Who owns your brand?

‘The customer is always right’

There is some debate as to who first actually came up with this now ubiquitous phrase. Some say it was Harry Selfridge, the founder of the London department store, Selfridges. He used it to convince shoppers that they would get an excellent customer experience and to remind employees to always provide high-quality service. Others attribute it to the hotelier César Ritz, who said, ‘Le client n’a jamais tort’ (‘The customer is never wrong’) and went on to tell employees, ‘If a diner complains about a dish or the wine, immediately remove it and replace it, no questions asked.’

In today’s marketing world it is taken as a ‘given’, especially in an era where people power seems to be growing. What concerns me, though, is when this is taken further and becomes ‘the consumer owns your brand’, truly handing the power to the people. While I can see the simplistic appeal of this, I believe that it is ultimately a dangerous concept for marketers and brand directors. It is undoubtedly true that people wield influence over brands through their purchasing power and their advocacy or derision of those brands to friends, family and increasingly on social media.

People also have their own individual perceptions and experiences of a brand which they ‘own’

It’s not surprising then that there are numerous instances of brands changing their behaviour, offer, and communications in the face of people power. However, this doesn’t mean the ‘people’ actually own the brand. As any corporate lawyer would tell you, saying someone else owns your asset could set an unwanted precedent.

In a world where counterfeit brands are big business (c. $2 trillion as of last year), I wouldn’t want to encourage the practice anymore. It is not just the legal argument, there is still a strong case for the old kings — the brand owners — to retain or if necessary, reclaim ownership of their brands. Despite people power, brand owners need to set and drive the direction of their brands. Clearly, if everyone stops buying a certain brand, it is likely to go out of business and, as such, people (we, its customers) are perhaps the most powerful influencing force or pressure group on that brand.

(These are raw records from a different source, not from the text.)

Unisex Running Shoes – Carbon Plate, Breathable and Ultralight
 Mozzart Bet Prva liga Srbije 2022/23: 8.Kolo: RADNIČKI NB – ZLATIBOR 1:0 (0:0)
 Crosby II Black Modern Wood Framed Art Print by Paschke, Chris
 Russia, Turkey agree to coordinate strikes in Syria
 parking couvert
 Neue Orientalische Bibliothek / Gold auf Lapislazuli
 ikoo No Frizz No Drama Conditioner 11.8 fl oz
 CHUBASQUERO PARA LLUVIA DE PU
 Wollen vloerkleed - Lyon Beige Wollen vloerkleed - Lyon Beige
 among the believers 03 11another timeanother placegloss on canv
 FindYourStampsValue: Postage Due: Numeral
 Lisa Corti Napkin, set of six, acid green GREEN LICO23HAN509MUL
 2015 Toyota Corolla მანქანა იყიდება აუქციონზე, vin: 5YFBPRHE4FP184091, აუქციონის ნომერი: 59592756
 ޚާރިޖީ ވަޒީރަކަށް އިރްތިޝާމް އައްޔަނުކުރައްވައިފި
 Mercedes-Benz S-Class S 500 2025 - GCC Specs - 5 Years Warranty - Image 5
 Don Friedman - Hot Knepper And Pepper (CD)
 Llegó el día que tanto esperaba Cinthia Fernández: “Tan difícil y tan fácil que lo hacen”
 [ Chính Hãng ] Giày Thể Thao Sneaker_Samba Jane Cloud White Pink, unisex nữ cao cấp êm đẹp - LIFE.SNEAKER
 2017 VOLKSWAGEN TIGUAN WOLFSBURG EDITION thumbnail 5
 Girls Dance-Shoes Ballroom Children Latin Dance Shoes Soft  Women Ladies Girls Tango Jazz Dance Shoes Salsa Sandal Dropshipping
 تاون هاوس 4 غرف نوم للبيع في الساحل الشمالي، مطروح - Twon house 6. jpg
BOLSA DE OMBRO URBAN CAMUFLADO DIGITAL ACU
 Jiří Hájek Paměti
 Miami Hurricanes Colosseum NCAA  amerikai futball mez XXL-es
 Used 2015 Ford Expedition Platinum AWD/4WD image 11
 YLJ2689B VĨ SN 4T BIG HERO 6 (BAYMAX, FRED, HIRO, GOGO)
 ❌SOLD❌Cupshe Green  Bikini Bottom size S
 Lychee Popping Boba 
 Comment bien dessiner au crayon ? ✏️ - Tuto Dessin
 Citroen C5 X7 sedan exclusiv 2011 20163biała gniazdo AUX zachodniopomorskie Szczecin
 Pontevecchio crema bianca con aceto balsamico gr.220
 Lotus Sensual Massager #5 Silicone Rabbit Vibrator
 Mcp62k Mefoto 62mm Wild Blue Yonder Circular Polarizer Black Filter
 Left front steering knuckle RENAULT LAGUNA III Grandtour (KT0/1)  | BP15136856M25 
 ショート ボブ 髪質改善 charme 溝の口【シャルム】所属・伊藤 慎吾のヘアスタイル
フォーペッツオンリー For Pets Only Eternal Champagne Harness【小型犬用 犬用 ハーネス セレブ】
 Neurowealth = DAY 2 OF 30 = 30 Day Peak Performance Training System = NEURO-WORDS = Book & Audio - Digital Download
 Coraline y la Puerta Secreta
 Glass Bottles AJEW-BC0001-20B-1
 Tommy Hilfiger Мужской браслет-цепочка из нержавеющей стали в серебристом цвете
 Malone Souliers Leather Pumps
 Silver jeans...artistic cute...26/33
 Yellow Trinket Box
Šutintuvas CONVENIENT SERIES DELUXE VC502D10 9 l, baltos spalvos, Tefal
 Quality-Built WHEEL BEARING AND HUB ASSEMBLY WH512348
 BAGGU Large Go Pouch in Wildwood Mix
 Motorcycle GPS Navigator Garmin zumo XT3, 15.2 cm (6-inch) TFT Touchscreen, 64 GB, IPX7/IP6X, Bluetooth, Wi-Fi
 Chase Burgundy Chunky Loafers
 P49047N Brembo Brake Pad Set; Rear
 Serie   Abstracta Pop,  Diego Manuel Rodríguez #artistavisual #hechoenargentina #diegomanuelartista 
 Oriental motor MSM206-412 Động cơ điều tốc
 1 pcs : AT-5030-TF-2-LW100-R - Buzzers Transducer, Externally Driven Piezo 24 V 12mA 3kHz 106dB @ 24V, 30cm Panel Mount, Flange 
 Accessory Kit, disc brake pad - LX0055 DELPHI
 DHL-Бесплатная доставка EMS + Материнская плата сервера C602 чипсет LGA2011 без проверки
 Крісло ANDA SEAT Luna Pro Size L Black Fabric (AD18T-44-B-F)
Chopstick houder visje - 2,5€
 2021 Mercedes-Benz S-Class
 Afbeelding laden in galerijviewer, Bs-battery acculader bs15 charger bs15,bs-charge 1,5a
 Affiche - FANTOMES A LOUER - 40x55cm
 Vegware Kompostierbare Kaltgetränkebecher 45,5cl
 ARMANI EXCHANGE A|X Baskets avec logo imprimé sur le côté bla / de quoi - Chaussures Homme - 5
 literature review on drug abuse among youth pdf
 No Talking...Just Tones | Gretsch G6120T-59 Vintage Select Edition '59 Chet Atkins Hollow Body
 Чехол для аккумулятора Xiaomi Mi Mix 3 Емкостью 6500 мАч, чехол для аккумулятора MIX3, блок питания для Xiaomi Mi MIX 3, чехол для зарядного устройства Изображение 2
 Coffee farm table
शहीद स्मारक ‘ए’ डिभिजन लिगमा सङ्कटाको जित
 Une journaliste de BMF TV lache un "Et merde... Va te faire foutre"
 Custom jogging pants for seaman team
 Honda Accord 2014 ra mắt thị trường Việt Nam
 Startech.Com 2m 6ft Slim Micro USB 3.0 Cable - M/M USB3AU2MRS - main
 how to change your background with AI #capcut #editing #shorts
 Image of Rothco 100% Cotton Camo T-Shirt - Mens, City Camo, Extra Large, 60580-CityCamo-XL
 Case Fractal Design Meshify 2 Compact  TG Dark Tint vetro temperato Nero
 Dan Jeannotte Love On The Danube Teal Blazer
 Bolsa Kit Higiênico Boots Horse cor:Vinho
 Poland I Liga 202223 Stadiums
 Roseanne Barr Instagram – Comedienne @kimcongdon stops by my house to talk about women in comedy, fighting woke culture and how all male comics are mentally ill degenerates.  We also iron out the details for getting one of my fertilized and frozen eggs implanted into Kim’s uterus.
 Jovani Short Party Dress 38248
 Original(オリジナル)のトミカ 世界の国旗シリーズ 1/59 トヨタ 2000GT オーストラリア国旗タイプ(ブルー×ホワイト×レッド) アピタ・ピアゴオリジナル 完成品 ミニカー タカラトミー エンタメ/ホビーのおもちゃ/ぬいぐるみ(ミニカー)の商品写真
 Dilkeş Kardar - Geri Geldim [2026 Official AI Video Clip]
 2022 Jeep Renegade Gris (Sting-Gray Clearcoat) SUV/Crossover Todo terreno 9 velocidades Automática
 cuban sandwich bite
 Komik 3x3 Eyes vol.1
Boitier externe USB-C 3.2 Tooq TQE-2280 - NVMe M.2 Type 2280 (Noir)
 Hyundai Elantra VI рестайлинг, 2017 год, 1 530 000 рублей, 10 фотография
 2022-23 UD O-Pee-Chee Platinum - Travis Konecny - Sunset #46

But the people are not, and never will be, the owners. We can stop buying it, we can ignore it, we can suggest and influence alterations, but we do not actually enact those changes or have final control.

It is the role of the brand owner, through their brand, all its touchpoints and all the different brand encounters, to try to create and manage the best perceptions of that brand.

The aim of marketers and brand owners is to create a positive, motivating, and distinctive set of associations with their brands, and to do so coherently and, importantly, distinctively among a large group of people. It is they who can choose to change things or not.

Furthermore, the best marketers know and accept ‘you can’t please all of the people all the time’

Brands are about choice: customers making choices, employees making choices, investors making choices but also the brands themselves making choices. Choices about what they want to stand for and what they want to stand against. This is where the owner truly pays a part. They set the philosophy — the purpose and the beliefs of a brand that will shape and differentiate it in the market.

Without this, it seems likely that brands would all coalesce about what people want at that point in time. So, I believe it would potentially be very concerning if the people, the general public, were completely in charge. Sometimes public opinion might suggest pushing a brand away from its core beliefs or purpose, but this is another dangerous precedent.

To paraphrase the late founder of Oglivy & Mather ad agency, David Ogilvy, the ‘consumers’ may not be ‘morons’, they may be your wife, husband, or partner. But they aren’t always right. Paraphrasing another marketing icon, Steve Jobs: ‘Sometimes we don’t know what we want, or at least don’t know until we are shown it’.

So, I would conclude that there is a difference between marketing and branding: for me, marketing is about answering your customers profitably (or effectively for not-for-profit brands). As such, it should be customer-focused and take into account the growing influence of ‘people power’.

However, branding is about having a vision (a purpose) and converting people to it profitably (or effectively). Having this clarity will provide guidance on how your brand will behave and, indeed, what it would do and what it wouldn’t do. It will differentiate your brand from other brands, facilitating the choice that brands have been created to provide. Marketing, as the name suggests, is about how you choose to market your brand.